DATASET EXCERPT
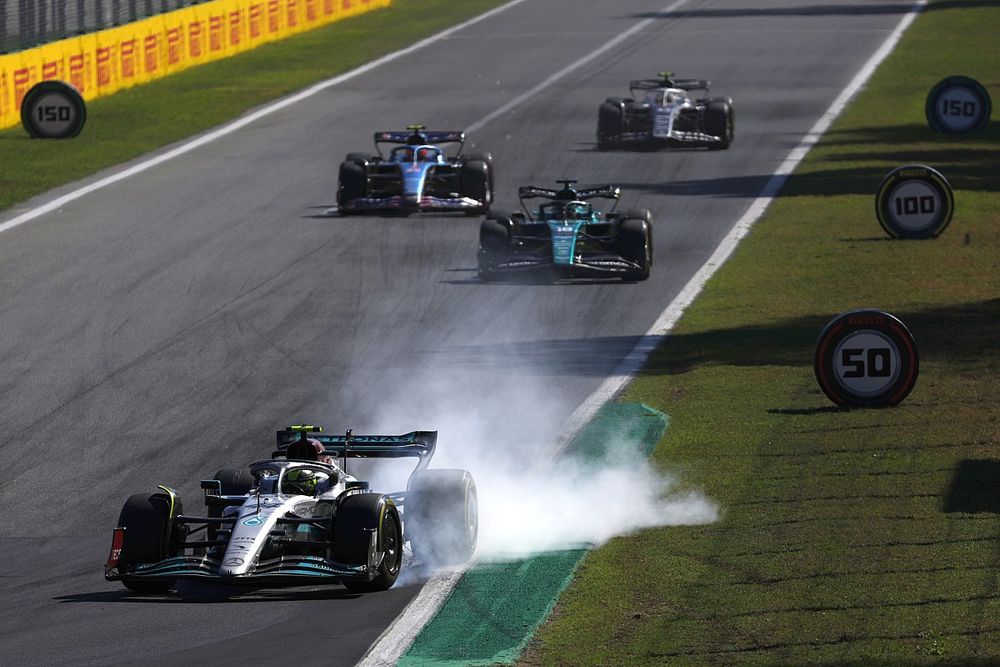 Lewis Hamilton, Mercedes W13, Lance Stroll, Aston Martin AMR22, Esteban Ocon, Alpine A522, Yuki Tsunoda, AlphaTauri AT03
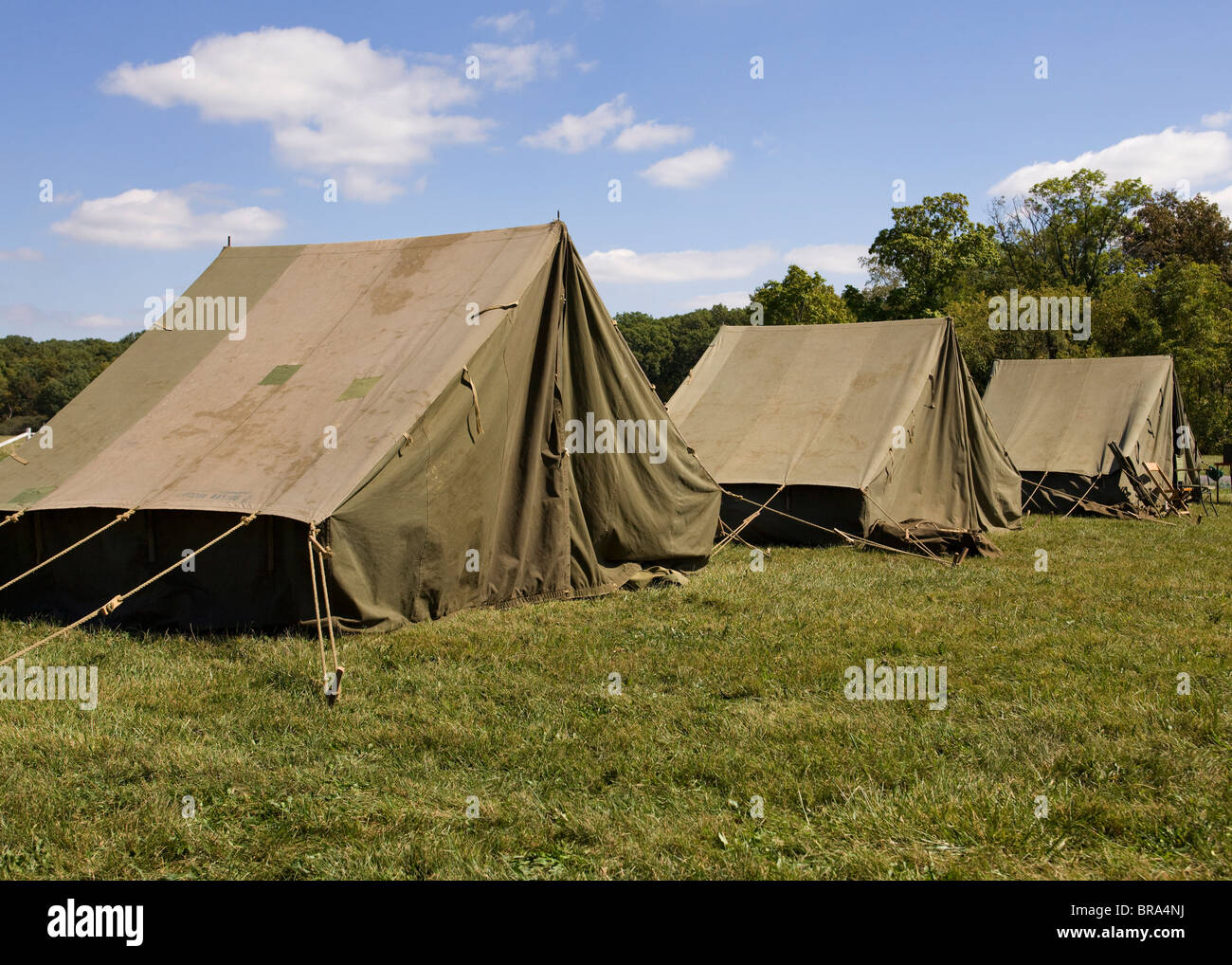 Armee zelte -Fotos und -Bildmaterial in hoher Auflösung – Alamy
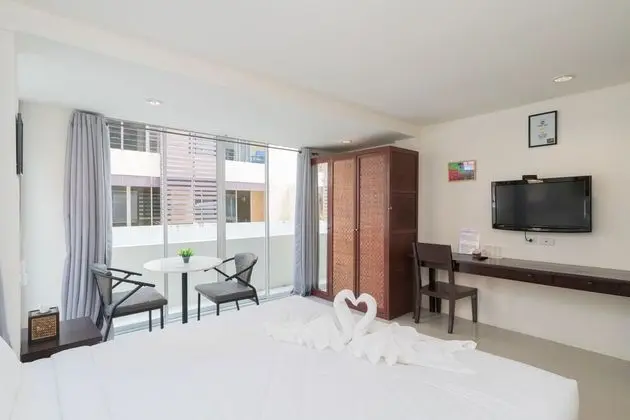 Deluxe king room with balcony
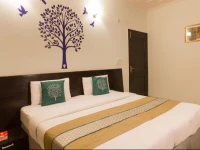 OYO Rooms Huda Metro Flagship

PROBLEM STATEMENT
Starting with the line that holds "Armee zelte -Fotos", repeat exactly every line through the end of the material above, both ends included, without the pictures.

RESULT OF THE EXERCISE
 Armee zelte -Fotos und -Bildmaterial in hoher Auflösung – Alamy
 Deluxe king room with balcony
 OYO Rooms Huda Metro Flagship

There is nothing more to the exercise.